Distribution of real estate via dividend payment in kind has recently become possible without application of the sales tax!

Until recently, the Flemish Tax Administration argued that the distribution of real estate from a company was subject to the sales tax (12%) when this distribution was charged to the available reserves. Indeed, it argued that this distribution constituted a distribution of dividends in kind and therefore a transfer for consideration. Recently, the Flemish Tax Administration has completely changed its approach, allowing this distribution to be made in certain cases in a much more tax-efficient way, i.e. without application of the sales tax.

In general

The distribution of real estate from a company is in principle subject to the sales tax of 12%. However, on the principle levy of the sales tax, there are some exceptions to some companies (private limited company, cooperative society, general partnership and limited partnership), such as the rule in case of allocation to a ‘historical partner’.

The following situations involve a ‘historical partner’:

  • the shareholder to whom a real estate was allocated, who was already a shareholder at the time the company acquired that real estate with payment of the sales tax;  and
  • the shareholder to whom a real estate was allocated, who  contributed the real estate to the company himself at the time.

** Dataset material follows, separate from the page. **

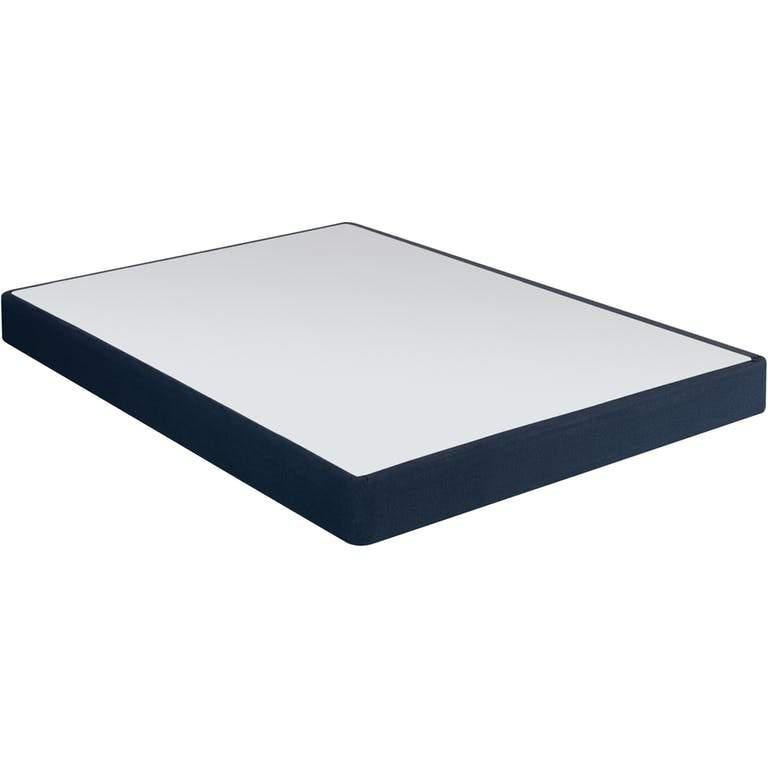 Serta® iComfort® Low Profile Foundation-Serta-Sleeping Giant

In these aforementioned situations, the acquisition of the real estate by a ‘historical partner’ will be taxed according to its common law nature. This means verifying the nature of the legal transaction underlying this acquisition.

If it concerns a sale of the real estate to a ‘historical partner’, the sales tax (12%) is due on this.  It is also possible that the real estate was bought by the company together with the shareholder (‘historical partner’) at the time. It often happens that, for example, 1% of the real estate is purchased by this ‘historical partner’ and the remaining part (99%) by the company. In such a case, there is consequently an undivided interest between the two, as a result of which only the distribution right (2,5%) will apply to the distribution. Finally, the acquisition can also be established through a legal event, such as a reduction of equity (formerly called a capital decrease). This will only be subject to the general fixed right (50 EUR).

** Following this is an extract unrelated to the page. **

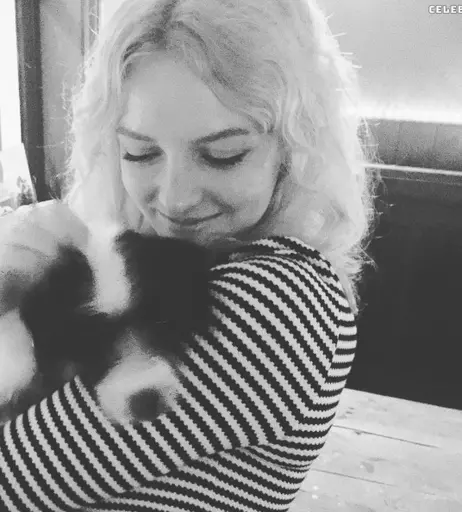 Image 3004974 from Dakota Blue Richards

The adapted position of The Flemish Tax Administration

Until recently, the position of the Flemish Tax Administration made a distinction depending on whether the distribution of a real estate from the company  to a ‘historical partner’ was charged to (i) the liabilities section of equity ‘available and/or unavailable contributions’, (ii) or to the liabilities section of equity ‘available reserves’. 

To the extent that the distribution was charged on the contribution, the Flemish Tax Administration considered that only the general fixed right (50 EUR) was due.  On the other hand, if the distribution was charged to the available reserves, this dividend distribution in kind constituted, according to the Flemish Tax Administration, a transfer for valuable consideration which made the sales right (12%) payable.  This sales right could only be avoided if there was an undivided interest between the company and its ‘historical partner’.  In this case, only the distribution right (2,5%) was payable on the distribution, which was charged to the available reserves.   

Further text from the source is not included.